An event took place recently that brought me to a harsh realization: I am a freak. Our weekly pastoral staff meeting generally starts with a pilgrimage to our favorite table and chairs at the Plover Starbucks, some of our absolute best work gets done there.
It was during one of these Starbucks meetings that the full extent of my freakishness was unveiled. I ordered my customary tall nonfat no whip peppermint mocha and then made a decision that changed the course of the entire meeting. I ordered oatmeal as well. It was prepared for me by the jovial barrista with a little milk and brown sugar. Perfect. But when she handed it to me, I got my first inclination that this was not going to be okay. It was in a thick cardboard container. It kind of makes me cringe just thinking about it.

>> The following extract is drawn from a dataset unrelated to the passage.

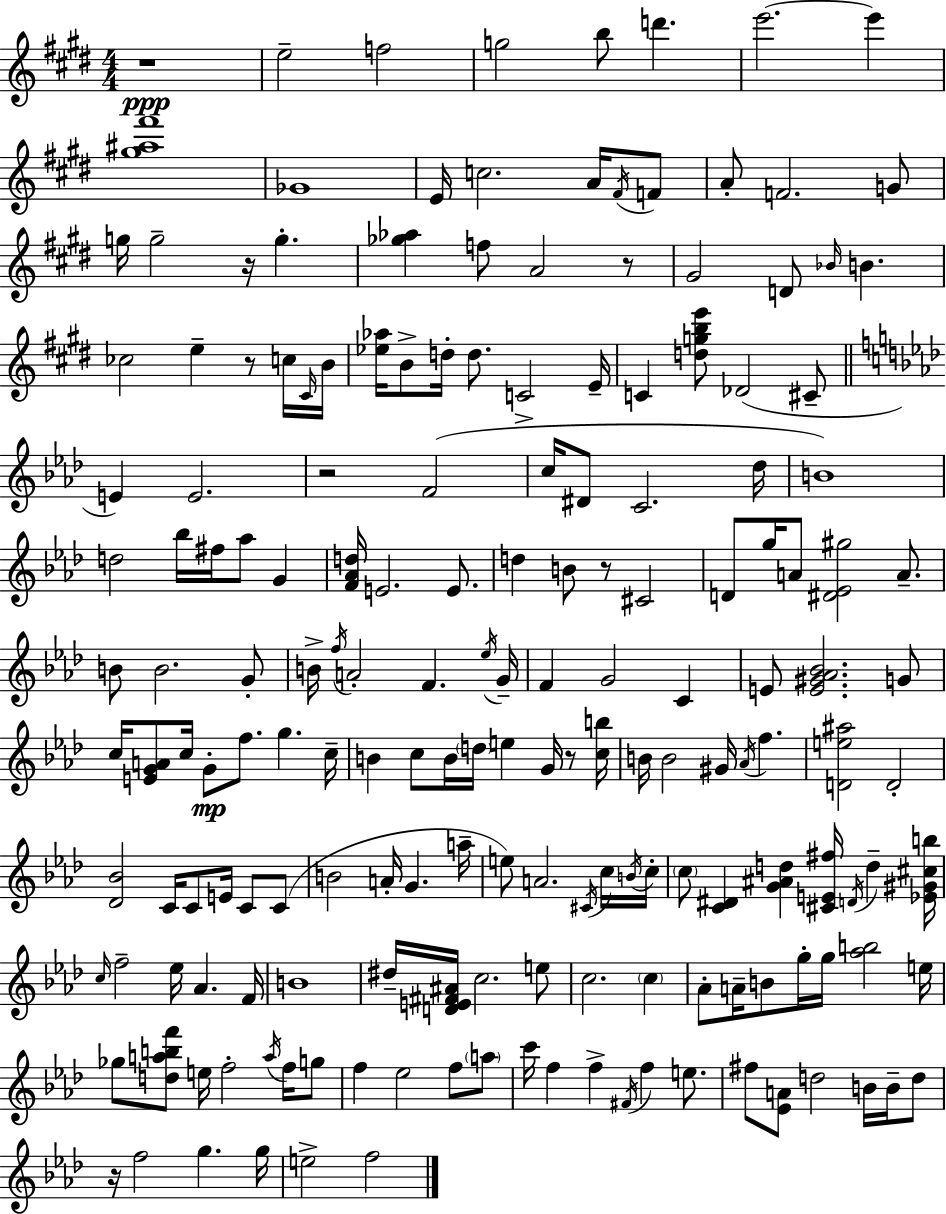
R/w E5/h F5/h G5/h B5/e D6/q. E6/h. E6/q [G#5,A#5,F#6]/w Gb4/w E4/s C5/h. A4/s F#4/s F4/e A4/e F4/h. G4/e G5/s G5/h R/s G5/q. [Gb5,Ab5]/q F5/e A4/h R/e G#4/h D4/e Bb4/s B4/q. CES5/h E5/q R/e C5/s C#4/s B4/s [Eb5,Ab5]/s B4/e D5/s D5/e. C4/h E4/s C4/q [D5,G5,B5,E6]/e Db4/h C#4/e E4/q E4/h. R/h F4/h C5/s D#4/e C4/h. Db5/s B4/w D5/h Bb5/s F#5/s Ab5/e G4/q [F4,Ab4,D5]/s E4/h. E4/e. D5/q B4/e R/e C#4/h D4/e G5/s A4/e [D#4,Eb4,G#5]/h A4/e. B4/e B4/h. G4/e B4/s F5/s A4/h F4/q. Eb5/s G4/s F4/q G4/h C4/q E4/e [E4,G#4,Ab4,Bb4]/h. G4/e C5/s [E4,G4,A4]/e C5/s G4/e F5/e. G5/q. C5/s B4/q C5/e B4/s D5/s E5/q G4/s R/e [C5,B5]/s B4/s B4/h G#4/s Ab4/s F5/q. [D4,E5,A#5]/h D4/h [Db4,Bb4]/h C4/s C4/e E4/s C4/e C4/e B4/h A4/s G4/q. A5/s E5/e A4/h. C#4/s C5/s B4/s C5/s C5/e [C4,D#4]/q [G4,A#4,D5]/q [C#4,E4,F#5]/s D4/s D5/q [Eb4,G#4,C#5,B5]/s C5/s F5/h Eb5/s Ab4/q. F4/s B4/w D#5/s [D4,E4,F#4,A#4]/s C5/h. E5/e C5/h. C5/q Ab4/e A4/s B4/e G5/s G5/s [Ab5,B5]/h E5/s Gb5/e [D5,A5,B5,F6]/e E5/s F5/h A5/s F5/s G5/e F5/q Eb5/h F5/e A5/e C6/s F5/q F5/q F#4/s F5/q E5/e. F#5/e [Eb4,A4]/e D5/h B4/s B4/s D5/e R/s F5/h G5/q. G5/s E5/h F5/h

I have a problem and my problem is wet cardboard or wood products. Wet cardboard boxes, popsicle sticks, wooden docks in lakes. When I was handed the cardboard cup with the delicious but wet oatmeal in it there was moment of panic. I quickly told myself to suck it up and get over it. I sat down in my regular chair and tried not to scrape the spoon along the cardboard as I ate my oatmeal. It did not work. I blanched as the spoon made contact with that stupid wet cardboard and Pastor Dan launched into the topics we needed to cover that morning. I tried as hard as I could to keep eating, but I couldn't. My teeth started tingling and I just put the oatmeal down to try and recover. But try as I might, the mere thought of the hideous wet cardboard sitting on the table in front of me controled my thoughts and physical reactions. No matter how I strained, I couldn't hear a word Pastor Dan was saying.
Finally I knew I had to do something about it. I went back to the counter and told the kind barrista that I had a problem. I had a problem with wet cardboard and, if possible, would like to have a bowl or glass cup to put the oatmeal in. As she looked at me with a puzzled expression, I admitted, "Yes, I know. I am a freak."
And here's the spiritual application. God loves you just the way you are. No matter what freakish fear you might have. God created you and loves you, even if you become petrified at the sight of the Starbucks cardboard oatmeal cup. Amen.